The big idea: pain has a pattern (not just a number)

Pain isn’t just “good” or “bad.” It has:

  • Location (where)

  • Quality (what it feels like)

  • Behavior (when it shows up + what it does over 24 hours)

  • Context (what changed recently)

If we understand the pattern, we can make better calls about training, movement, recovery, and when to get medical help.


The Pain Language Checklist

Infographic titled "The 8 Questions: Pain Language Checklist" listing eight questions to describe pain, with a note that it is educational only.

Quick rule: If you can’t point to it with one finger, describe the edges (top/bottom/inside/outside) and the position or movement that reproduces it.

1) Where is it?

Anatomy diagram of a knee with labeled structures showing common knee pain locations, including the patella, patellar tendon, quadriceps tendon, MCL, LCL, and meniscus joint line.

Try to answer like you’re giving directions.

  • Can you point to it with one finger?

  • Is it front / back / side?

  • Is it left / right / both?

  • Is it above or below the joint? (Example: “2 inches below my knee on the inside.”)

  • Is it one spot, an area, or a trail?

  • Does it travel or radiate? (Where to where?)

  • Any tingling, numbness, or burning? If yes, where does the line/path run?

Why this matters: location and travel patterns can change the plan completely.

2) What does it feel like? (quality)

Pick the best matches. If you’re not sure, pick two.

These are clues, not diagnoses — we use them to choose safer modifications and decide next steps.
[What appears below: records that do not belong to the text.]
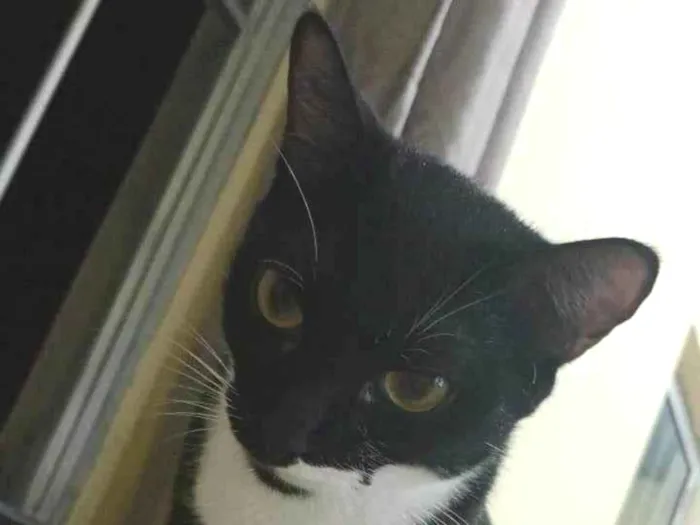 Gato ra a SRD-ViraLata idade 2 anos nome Mel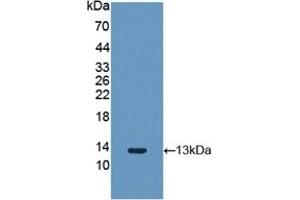 Detection of Recombinant FGF2, Rabbit using Polyclonal Antibody to Fibroblast Growth Factor 2, Basic (FGF2) (FGF2 抗体  (AA 26-153))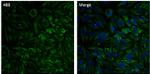 HSP60 Monoclonal Antibody (4B9/89), Alexa Fluor™ 488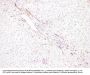 CD34 (ABT-CD34) Antibody
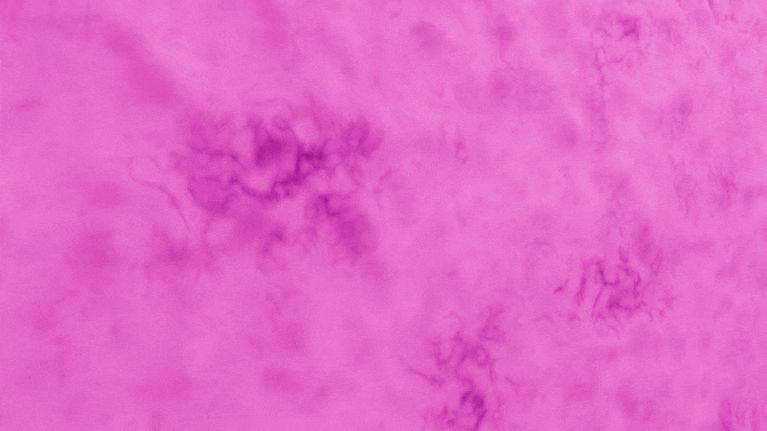 Illustration showing mucus produced by mucosal glands lining the respiratory tract, helping trap and remove pathogens.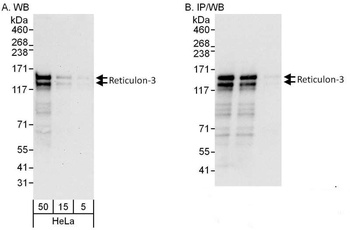 Rabbit anti-Reticulon-3 Antibody, Affinity Purified
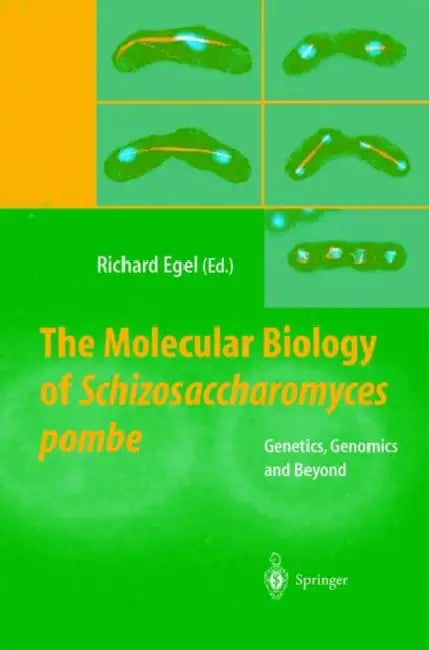 The Molecular Biology of Schizosaccharomyces pombe: Genetics, Genomics and Beyond by Richard Egel
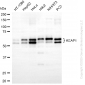 KD-Validated Anti-KEAP1 Mouse Monoclonal Antibody
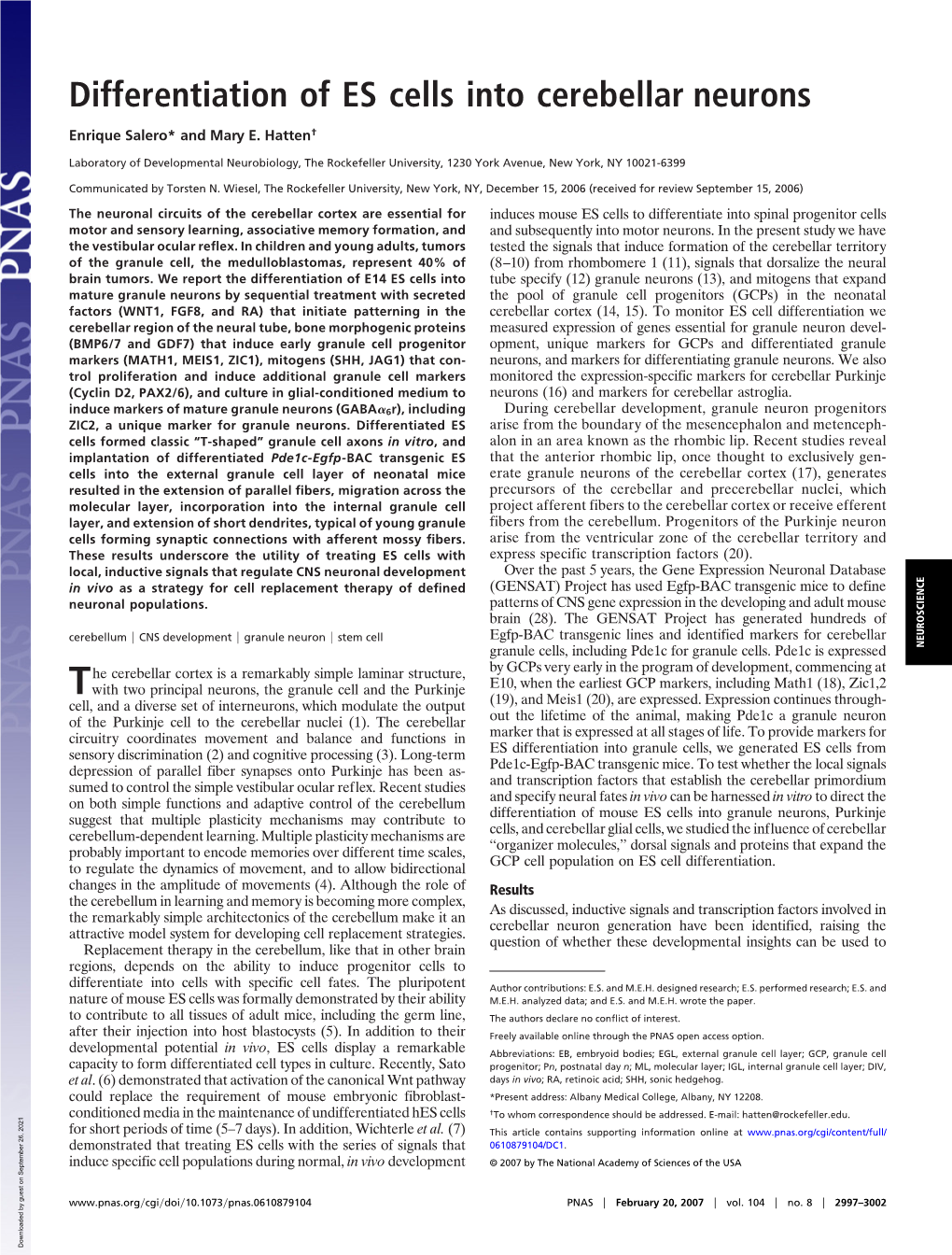 Differentiation of ES Cells Into Cerebellar Neurons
Color key (severity + what to do next):

  • Red: high severity / higher risk isgnal. Stop or modify now. If it doesn’t improve quickly with a simple change, get assessed (physio/doctor as appropriate).

  • Yellow: moderate severity / caution. May be training-load, recovery, or strategy related; adjust and monitor the 24-hour trend (sometimes it’s a sign it needs rest).

  • Green: low severity signal that’s generally OK to continue with — should be localized, controllable, and resolve predictably.

  • Sharp / stabbing — often a warning signal (modify/stop and reassess)

  • Dull / achy — often a load/tissue tolerance or joint irritation clue (context matters)

  • Burning — localized muscle burn during hard work (if it feels hot/electric or travels, treat it as a nerve-type clue)

  • Electrical / shock-like — often a nerve-related clue (especially if it travels)

  • Tingling / numbness — often nerve-related; depending on position/activity it can also reflect circulation restriction (track the exact area/path)

  • Catching / pinching — often a position/alignment or movement-strategy clue

  • Tight / crampy — often fatigue/guarding; sometimes hydration/electrolytes (e.g., potassium/magnesium) can be a factor

  • Stiff / blocked — often protective guarding or joint stiffness (context matters)

  • Throbbing / pulsing — often a higher-irritability/inflammation-type signal (context matters)

  • Weakness — often nerve-related (or a “shut down” signal when the system doesn’t trust the position)

Why this matters: the type of pain helps identify the likely driver — which changes the prescription.

Educational infographic showing that leg pain can come from an upstream driver such as the hip or spine, contrasting symptom-chasing tactics like massage and stretching with assessing nerve-type signals.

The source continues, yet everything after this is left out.